AIM OF THE EXERCISE: Restate every record that follows, keeping it exact.

Records from a dataset:
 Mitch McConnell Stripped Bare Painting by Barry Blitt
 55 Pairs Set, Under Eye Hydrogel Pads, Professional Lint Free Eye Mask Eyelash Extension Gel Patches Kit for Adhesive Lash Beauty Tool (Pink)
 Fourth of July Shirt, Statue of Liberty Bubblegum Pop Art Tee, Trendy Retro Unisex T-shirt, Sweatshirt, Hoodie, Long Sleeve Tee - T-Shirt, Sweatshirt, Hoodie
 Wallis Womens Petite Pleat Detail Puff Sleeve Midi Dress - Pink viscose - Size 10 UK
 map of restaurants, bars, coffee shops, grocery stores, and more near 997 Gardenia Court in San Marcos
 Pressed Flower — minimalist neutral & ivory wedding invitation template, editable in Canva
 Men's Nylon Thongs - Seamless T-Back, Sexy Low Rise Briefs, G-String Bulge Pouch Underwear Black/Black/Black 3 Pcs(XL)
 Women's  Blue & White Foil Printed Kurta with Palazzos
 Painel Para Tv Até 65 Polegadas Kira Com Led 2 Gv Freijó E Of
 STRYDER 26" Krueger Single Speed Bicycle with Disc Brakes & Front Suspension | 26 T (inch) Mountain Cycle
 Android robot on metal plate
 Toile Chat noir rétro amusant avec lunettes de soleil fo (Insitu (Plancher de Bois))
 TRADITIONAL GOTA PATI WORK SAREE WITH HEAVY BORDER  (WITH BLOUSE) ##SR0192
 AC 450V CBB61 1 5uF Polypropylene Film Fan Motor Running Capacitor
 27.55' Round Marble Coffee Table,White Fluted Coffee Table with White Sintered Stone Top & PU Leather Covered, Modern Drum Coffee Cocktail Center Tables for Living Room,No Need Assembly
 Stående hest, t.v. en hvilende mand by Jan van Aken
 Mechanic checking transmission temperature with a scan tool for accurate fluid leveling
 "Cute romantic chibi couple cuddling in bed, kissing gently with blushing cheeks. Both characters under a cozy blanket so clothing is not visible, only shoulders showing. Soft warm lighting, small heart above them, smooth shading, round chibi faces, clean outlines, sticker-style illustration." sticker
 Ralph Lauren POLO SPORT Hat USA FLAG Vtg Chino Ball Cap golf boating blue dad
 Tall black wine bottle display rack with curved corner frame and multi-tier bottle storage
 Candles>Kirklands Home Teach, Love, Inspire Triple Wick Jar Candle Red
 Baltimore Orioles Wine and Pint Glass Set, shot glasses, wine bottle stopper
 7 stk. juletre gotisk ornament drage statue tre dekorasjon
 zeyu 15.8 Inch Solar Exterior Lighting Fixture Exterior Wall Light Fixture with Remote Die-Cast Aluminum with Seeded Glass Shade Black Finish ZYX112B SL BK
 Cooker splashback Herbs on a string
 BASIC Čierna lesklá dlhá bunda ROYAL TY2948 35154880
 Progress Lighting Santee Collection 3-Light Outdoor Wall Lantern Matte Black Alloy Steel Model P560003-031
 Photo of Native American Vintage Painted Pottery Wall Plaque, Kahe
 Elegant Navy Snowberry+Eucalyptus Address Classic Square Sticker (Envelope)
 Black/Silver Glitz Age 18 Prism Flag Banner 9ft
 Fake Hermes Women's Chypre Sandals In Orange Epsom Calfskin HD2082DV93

TASK RESULT:
 Mitch McConnell Stripped Bare Painting by Barry Blitt
 55 Pairs Set, Under Eye Hydrogel Pads, Professional Lint Free Eye Mask Eyelash Extension Gel Patches Kit for Adhesive Lash Beauty Tool (Pink)
 Fourth of July Shirt, Statue of Liberty Bubblegum Pop Art Tee, Trendy Retro Unisex T-shirt, Sweatshirt, Hoodie, Long Sleeve Tee - T-Shirt, Sweatshirt, Hoodie
 Wallis Womens Petite Pleat Detail Puff Sleeve Midi Dress - Pink viscose - Size 10 UK
 map of restaurants, bars, coffee shops, grocery stores, and more near 997 Gardenia Court in San Marcos
 Pressed Flower — minimalist neutral & ivory wedding invitation template, editable in Canva
 Men's Nylon Thongs - Seamless T-Back, Sexy Low Rise Briefs, G-String Bulge Pouch Underwear Black/Black/Black 3 Pcs(XL)
 Women's  Blue & White Foil Printed Kurta with Palazzos
 Painel Para Tv Até 65 Polegadas Kira Com Led 2 Gv Freijó E Of
 STRYDER 26" Krueger Single Speed Bicycle with Disc Brakes & Front Suspension | 26 T (inch) Mountain Cycle
 Android robot on metal plate
 Toile Chat noir rétro amusant avec lunettes de soleil fo (Insitu (Plancher de Bois))
 TRADITIONAL GOTA PATI WORK SAREE WITH HEAVY BORDER  (WITH BLOUSE) ##SR0192
 AC 450V CBB61 1 5uF Polypropylene Film Fan Motor Running Capacitor
 27.55' Round Marble Coffee Table,White Fluted Coffee Table with White Sintered Stone Top & PU Leather Covered, Modern Drum Coffee Cocktail Center Tables for Living Room,No Need Assembly
 Stående hest, t.v. en hvilende mand by Jan van Aken
 Mechanic checking transmission temperature with a scan tool for accurate fluid leveling
 "Cute romantic chibi couple cuddling in bed, kissing gently with blushing cheeks. Both characters under a cozy blanket so clothing is not visible, only shoulders showing. Soft warm lighting, small heart above them, smooth shading, round chibi faces, clean outlines, sticker-style illustration." sticker
 Ralph Lauren POLO SPORT Hat USA FLAG Vtg Chino Ball Cap golf boating blue dad
 Tall black wine bottle display rack with curved corner frame and multi-tier bottle storage
 Candles>Kirklands Home Teach, Love, Inspire Triple Wick Jar Candle Red
 Baltimore Orioles Wine and Pint Glass Set, shot glasses, wine bottle stopper
 7 stk. juletre gotisk ornament drage statue tre dekorasjon
 zeyu 15.8 Inch Solar Exterior Lighting Fixture Exterior Wall Light Fixture with Remote Die-Cast Aluminum with Seeded Glass Shade Black Finish ZYX112B SL BK
 Cooker splashback Herbs on a string
 BASIC Čierna lesklá dlhá bunda ROYAL TY2948 35154880
 Progress Lighting Santee Collection 3-Light Outdoor Wall Lantern Matte Black Alloy Steel Model P560003-031
 Photo of Native American Vintage Painted Pottery Wall Plaque, Kahe
 Elegant Navy Snowberry+Eucalyptus Address Classic Square Sticker (Envelope)
 Black/Silver Glitz Age 18 Prism Flag Banner 9ft
 Fake Hermes Women's Chypre Sandals In Orange Epsom Calfskin HD2082DV93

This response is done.